6. You have like, no bills so you have no excuse for having like, no savings.
Being a woman of college-age attending a university you have what is known as "discretionary income," you have no dependents and little bills. Now, this isn't universally applicable - but if I average out the bills I have now versus my income now in comparison to the money I had in college versus my bills in college, I have less money now to frivolously spend currently than I did then. Where did my money go? Eating out, shopping, bars. My mom told me once that based on my bank statement I had spent $500 in one month on eating out. Now, I did have some savings when I graduated - but, I wish that I had saved more of that money as a "cushion" for my first year in the real world.

7. Make it part of your routine to talk to your parents.
During college you get so wrapped up in class and your social life that you can forget about the people that got you there. Weeks would go by without me talking to my parents. When I graduated I felt like we had lost touch and I was so out of the loop with what was going on in their lives and vice versa. When my dad almost died this past January, it truly made me realize that you never know how long your parents are going to be around. Call your mom, call your dad, make it a priority to have them involved in your college life.

8. Your professors are your best possible networking tool.
I owe my career to Dr. K (and my hard work, but Dr. K for recognizing it.) I developed a close relationship with many of my professors by going beyond just showing up to their class, participating, and doing well.
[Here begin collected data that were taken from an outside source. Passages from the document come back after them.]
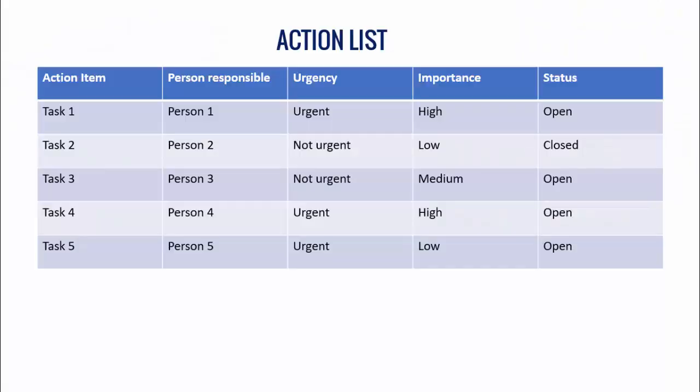In this tutorial, I'm going to show you how to design a creative PowerPoint table. Generally, we create this PowerPoint table in our presentations where I have the action items, person responsible, urgency, importance, and status. This table is generally very boring and it's not getting an impact on the audience.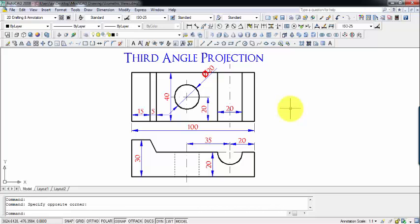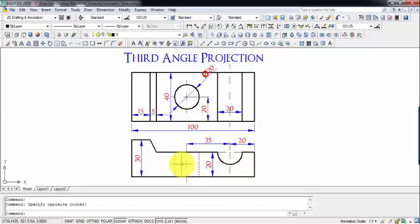What's up guys, this is Manas and it's going to be yet another tutorial in this series of isometric views. This is basically a problem from third angle projection. You can clearly see that this over here represents the top view of an object and this is the front view. As far as third angle projection is concerned, this is something that is followed in the US, assuming the object to be below the horizontal plane and behind the vertical plane. The top view is above XY line and the front view is below XY line. What we are supposed to do is create an isometric view for this projection.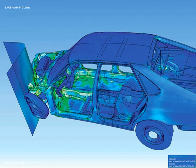Automotive engineering, along with aerospace engineering and naval architecture, is a branch of vehicle engineering, incorporating elements of mechanical, electrical, electronic, software, and safety engineering as applied to the design, manufacture and operation of motorcycles, automobiles, and trucks and their respective engineering subsystems.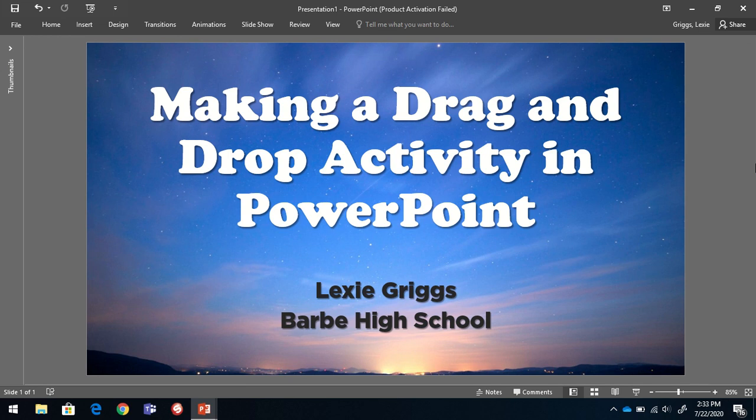Hello everybody, this is Lexi Griggs at Barb High School. I wanted to make a quick video showing you how I make drag and drop activities in PowerPoint for my classroom.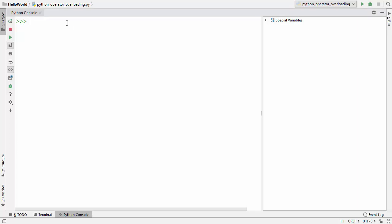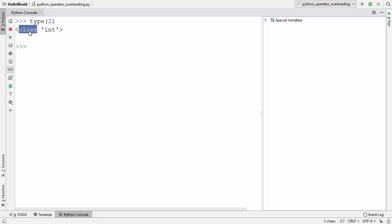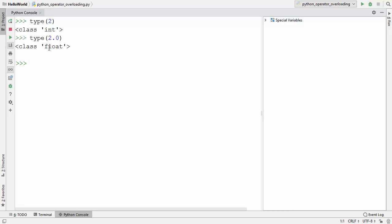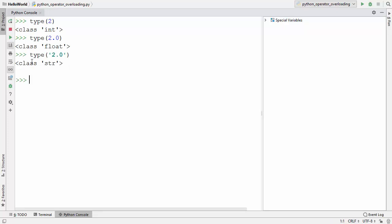Welcome to the next video on Python tutorial for beginners. In this video we will talk about operator overloading in Python. You might already know that everything is an object in Python. The number 2 is an object of class int, 2.0 is an object of class float, and a string is an object of class string.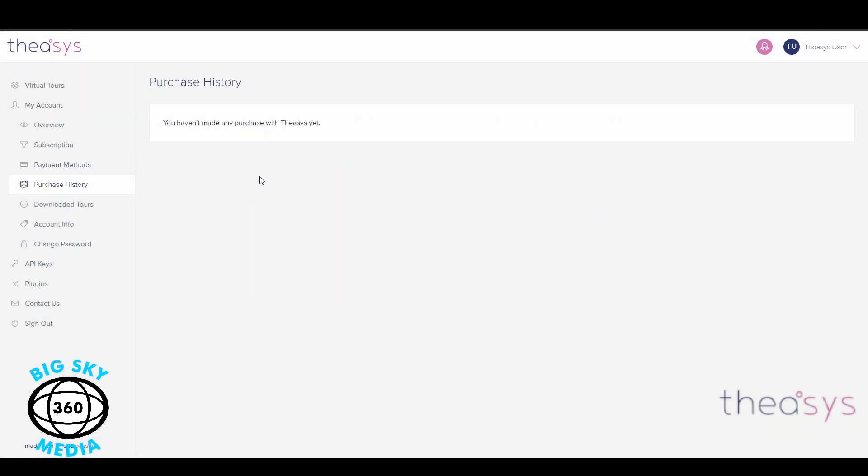So what do we mean by purchase history? If you're on the essentials plan but you pay monthly rather than annually, you will be charged five US dollars for every two downloads. If you're on the essentials plan and you pay annually up front, you don't pay anything.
I would periodically stop in during office hours to just talk, whether school-related or not. When it came time to start applying for jobs, an employer contacted my professor and without question he forwarded them my resume and a gleaming recommendation, basically saying they would be a fool not to hire me. I got the call the Monday after I graduated, and started my career two weeks later.
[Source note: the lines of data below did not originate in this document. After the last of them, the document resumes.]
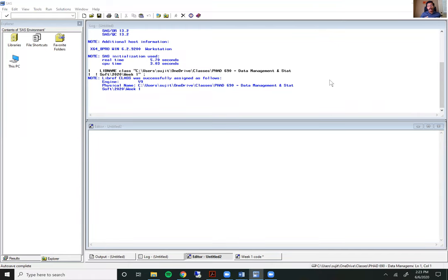Welcome to week one, video two of the SAS bootcamp. In this video, we are going to learn some of the basic steps in SAS. The first thing we learn today is how to open a data set and view it within SAS. I'm going to begin by showing you this on the SAS software on my computer, and then we'll make the switch over to SAS Studio. I want to begin with this interface because I think it helps us understand things a little more easily.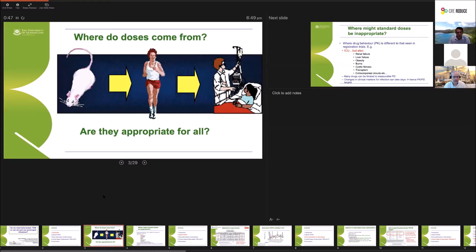The first topic I want to discuss is why we can't use a one-dose-fits-all approach, which works for many drugs in other parts of medicine. When we understand where drug doses come from and the subtleties of dosing in the context of antibiotics, it becomes clear that the need for personalising doses in different clinical syndromes is very important.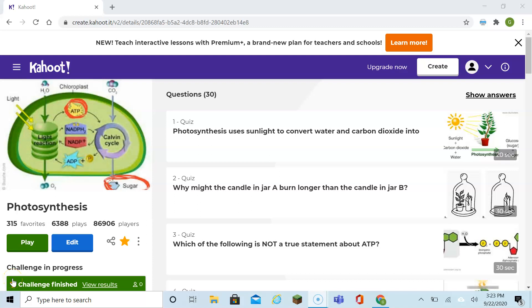Hello friends. Today we're going to get ready for our photosynthesis test by going over the Kahoot for photosynthesis. Let's get started.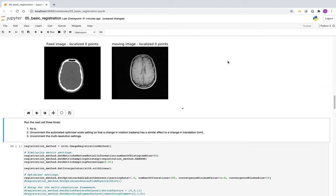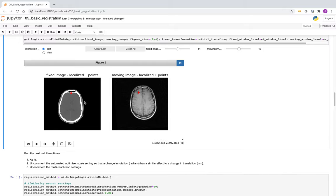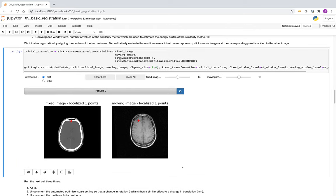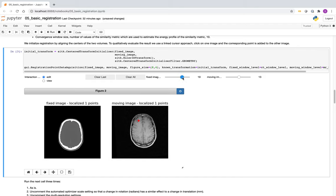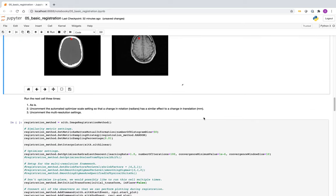This UI allows us to add points that are mapped to the other image using the known transformation — in this case the center transform initializer, which aligns the two centers of the volumes. Obviously the anatomy is not aligned. We can scroll to another point, add it, and see where it maps to on the other volume. These are clearly not aligned, and we would like to align them.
9. Once you know what you want to do, start researching how to make it happen.
Picking a major does not limit you to one career. My degree focus was in merchandising, and when any professor would inquire about our desired career path the typical response was "I want to be a buyer." That was (and still is) my response, but when I first decided that's what I wanted to do I really didn't know what it meant. I started to dig deeper into what a buyer does and quickly realized it was more math than I thought, it's not just analyzing customers and picking out merchandise. So, I really made it an effort to not just complete the work in my math and merchandising business courses but made it a point to really grasp all the concepts and formulas ... and it made for a really seamless transition into my job. Also, the sooner you start researching companies to work for you can focus on getting an internship with that company, planning a move, or even reach out to an employee to mentor you on what steps to take to obtain a post-graduate position.
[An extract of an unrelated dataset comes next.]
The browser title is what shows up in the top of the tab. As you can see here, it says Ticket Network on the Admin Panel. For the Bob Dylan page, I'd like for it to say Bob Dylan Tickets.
10. Keep your newsfeed classy.
Maybe your future employers will look at your Facebook / Twitter / Instagram and maybe they won't, but do you really want to take the risk? You never know who's dad owns an advertising firm or who's mother is a business executive looking to hire an extern, and they definitely won't be asking recommendations for promising college graduates chugging a bottle of whiskey in a slutty cat halloween costume. Instead of posting it and saying you'll delete it later, upload the classier photos and skip those all together. Once it's on the internet, it's there forever - never attach your face or name to anything you do not want surfacing five years down the road. With that said (and I wish I could have listened to my own advice) keep your personal drama off your newsfeed. No one cares if your boyfriend - ex-boyfriend - boyfriend - ex-boyfriend - boyfriend again is a jerk, and we definitely do not have sympathy for you if you publicly announce he was texting your best friend's sister. Delete it now, act like it never happened, and take the high road going forward.